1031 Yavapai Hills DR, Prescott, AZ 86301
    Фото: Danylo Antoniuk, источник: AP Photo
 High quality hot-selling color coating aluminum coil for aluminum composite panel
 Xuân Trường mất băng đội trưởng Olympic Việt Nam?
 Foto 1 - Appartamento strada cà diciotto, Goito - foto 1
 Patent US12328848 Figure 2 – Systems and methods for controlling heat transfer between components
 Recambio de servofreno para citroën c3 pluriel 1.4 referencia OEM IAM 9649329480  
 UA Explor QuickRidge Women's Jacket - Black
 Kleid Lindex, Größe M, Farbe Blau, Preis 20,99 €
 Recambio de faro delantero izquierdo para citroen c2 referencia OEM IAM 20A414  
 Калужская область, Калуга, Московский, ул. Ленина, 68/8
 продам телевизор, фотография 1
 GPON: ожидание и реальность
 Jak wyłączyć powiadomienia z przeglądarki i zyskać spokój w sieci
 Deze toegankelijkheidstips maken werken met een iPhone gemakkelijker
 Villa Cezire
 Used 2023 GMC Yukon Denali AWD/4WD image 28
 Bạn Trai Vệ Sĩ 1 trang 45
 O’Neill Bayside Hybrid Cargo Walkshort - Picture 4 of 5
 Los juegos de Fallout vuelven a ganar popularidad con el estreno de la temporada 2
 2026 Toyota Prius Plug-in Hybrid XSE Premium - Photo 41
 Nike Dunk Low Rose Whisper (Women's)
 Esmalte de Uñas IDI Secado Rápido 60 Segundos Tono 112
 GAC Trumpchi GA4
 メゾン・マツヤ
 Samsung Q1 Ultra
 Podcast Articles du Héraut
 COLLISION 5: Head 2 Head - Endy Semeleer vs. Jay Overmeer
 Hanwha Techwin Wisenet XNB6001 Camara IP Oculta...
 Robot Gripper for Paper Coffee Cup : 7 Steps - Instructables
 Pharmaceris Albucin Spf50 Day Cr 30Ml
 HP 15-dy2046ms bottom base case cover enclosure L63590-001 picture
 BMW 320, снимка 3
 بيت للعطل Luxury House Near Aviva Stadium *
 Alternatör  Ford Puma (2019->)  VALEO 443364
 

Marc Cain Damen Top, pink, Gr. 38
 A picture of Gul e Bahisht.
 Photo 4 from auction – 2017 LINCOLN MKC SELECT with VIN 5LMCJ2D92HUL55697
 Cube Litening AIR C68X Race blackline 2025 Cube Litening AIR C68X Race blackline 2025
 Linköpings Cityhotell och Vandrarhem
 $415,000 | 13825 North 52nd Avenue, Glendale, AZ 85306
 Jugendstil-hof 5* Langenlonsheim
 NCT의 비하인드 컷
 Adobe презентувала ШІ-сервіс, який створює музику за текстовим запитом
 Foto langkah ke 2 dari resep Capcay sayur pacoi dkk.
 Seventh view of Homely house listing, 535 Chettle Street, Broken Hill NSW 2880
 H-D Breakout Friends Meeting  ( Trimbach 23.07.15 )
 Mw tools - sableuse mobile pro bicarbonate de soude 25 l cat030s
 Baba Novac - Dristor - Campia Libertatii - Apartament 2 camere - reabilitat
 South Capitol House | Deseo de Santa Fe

--

• **REQUIREMENT**:
I'd like the lines above from the one with "COLLISION 5: Head" up to and including the one with "Ford Puma (2019->)" copied exactly, with no other lines.

• **EXERCISE RESULT**:
 COLLISION 5: Head 2 Head - Endy Semeleer vs. Jay Overmeer
 Hanwha Techwin Wisenet XNB6001 Camara IP Oculta...
 Robot Gripper for Paper Coffee Cup : 7 Steps - Instructables
 Pharmaceris Albucin Spf50 Day Cr 30Ml
 HP 15-dy2046ms bottom base case cover enclosure L63590-001 picture
 BMW 320, снимка 3
 بيت للعطل Luxury House Near Aviva Stadium *
 Alternatör  Ford Puma (2019->)  VALEO 443364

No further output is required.